David Miles, an Australian inventor who has been peddling weather modification technology for almost 20 years, has been accused of preying on desperate farmers by charging up to $50,000 Australian dollars for delivering rain on demand without so much as explaining the technology behind his business.
On the official Miles Research website, controversial inventor David Miles explains that in the 1990’s he realised that “it was possible to incrementally influence weather patterns using a variant of the Einstein – Rosen Bridge hypothesised in the 1930’s, to effectively create a bridge between ‘the present’ in the physical space-time continuum, and a near-future event, forecast to exist from one to ten days ahead in time”. He found that by applying small amounts of energy intelligently, even a large, chaotic weather system approaching from the future could be mitigated.

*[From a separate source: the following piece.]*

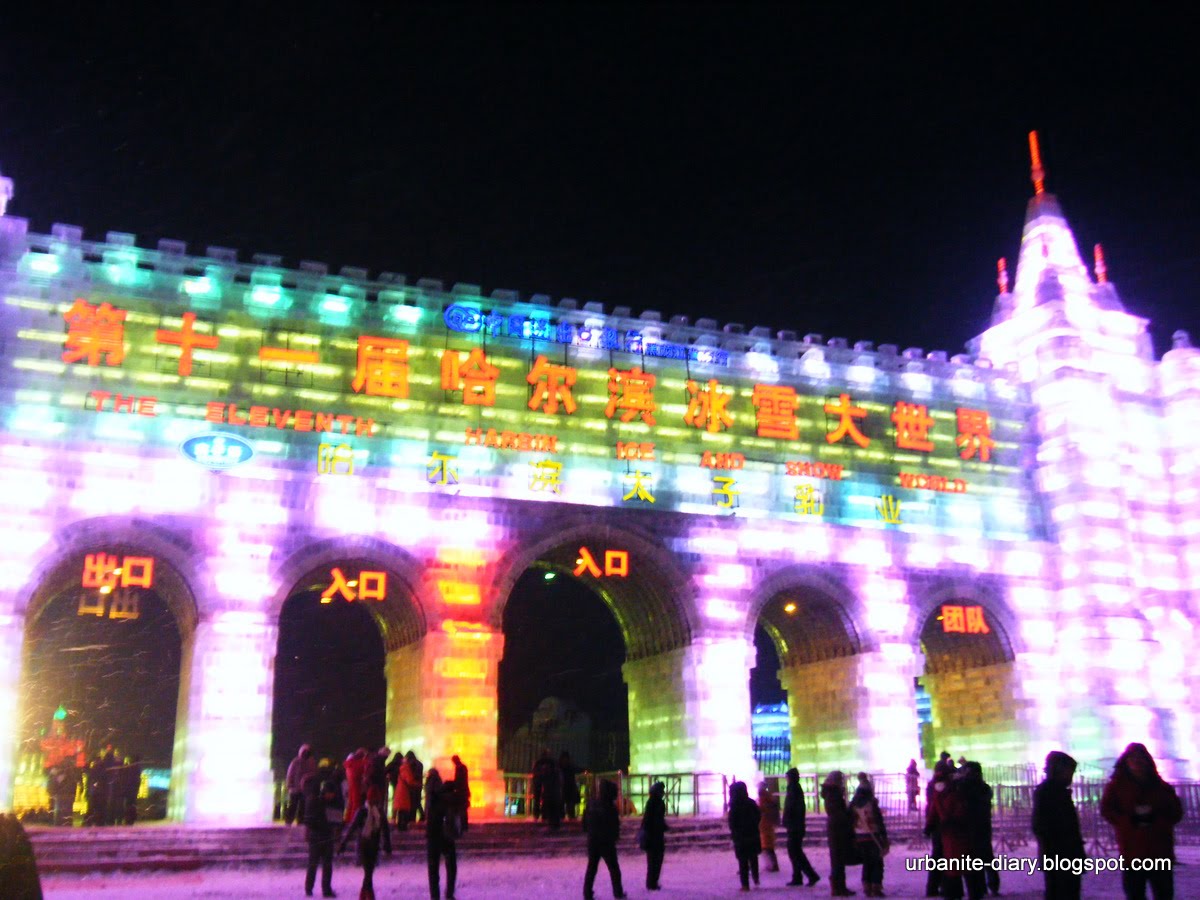 [Harbin+Ice+Festival+2010.JPG]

You’ll notice that, while somewhat intriguing, Miles’ explanation does little to explain how he is able to bring rainfall to the lands of farmers paying him tens of thousands of dollars for rain contracts. He makes references to famous but controversial concepts like “the butterfly effect”, but nowhere does he actually reveal how the rain making actually happens. He claims that the mystery is intentional, as revealing too much could help others steal his ideas or even weaponize it.
“We were advised against patenting because it’s basically exposing how it works. There are a lot of big companies that invest in trawling through patents,” Miles told News.com.au. “I understand the scepticism, the only other way is to fully prove up our science and physics and peer review. If we did that we’ll lose it, it will be taken up as a national security interest and it’ll then be weaponised.”
The Australian Competition and Consumer Commission (ACCC) has accused Miles Research (formerly Aquiess) of preying on people’s desperation, and warned people against doing business with him, but the Australian inventor claims the ACCC is only trying to defame him and his company, as in reality they are success based – if it doesn’t rain, they don’t get paid.
“They signed the agreement that if by the end of June they’d received 100mm, they pay $50,000, if they only receive 50mm, they would only pay $25,000. Anything under half we don’t want to be paid,” Miles said of a handful of Wimmera farmers who agreed to take him up on his offer to deliver rain.
Believe it or not, one of the farmers who paid David Miles for his alleged rain-making capabilities told ABC Radio that he was quite happy with the results.
“I got involved because it sounded good, the fact you can control weather, because as a farmer rainfall is everything,” the farmer said. “I think the evidence is out there, you look at the forecast what’s meant to come and all of a sudden it increases dramatically. You know that he’s behind it and I reckon I haven’t seen such good crops in this district ever, everywhere.”
“We’ve got disparate components, we’ve been tutored in how to hide in plain sight … but we need a Defence-grade facility where we can bring it together, for the moment we’re having to operate fairly low-key,” Miles said.
Miles’ claims raised suspicions for obvious reasons, including a since-deleted section of his company website, which claimed that his technology used “electromagnetic scalar waves”, which scientists say don’t even exist.
“Electromagnetic scalar waves don’t exist,” University of Melbourne associate professor of physics Martin Sevior said. “There’s no such thing. He’s taken a few words and put them together and made them sound somewhat scientific but it’s meaningless.”
But Miles doesn’t seemed deterred by his critics. He continues to claim that he can deliver rain to farmers brave enough to invest in a rain contact.
“We’re going out and putting our name on the line that we will deliver rain. We’re prepared to let the client region define the metrics — if you’re confident of getting 50mm, perhaps start at 60mm. Our pricing is coming in under the cost of shipping water,” the inventor added.
“When engaged to deliver rain in recent times we’ve been able to (deliver) most of what was (promised), sometimes not enough, it’s not perfect. We have been able to achieve about 80 per cent. We lose our reputation if we fail — we haven’t failed.”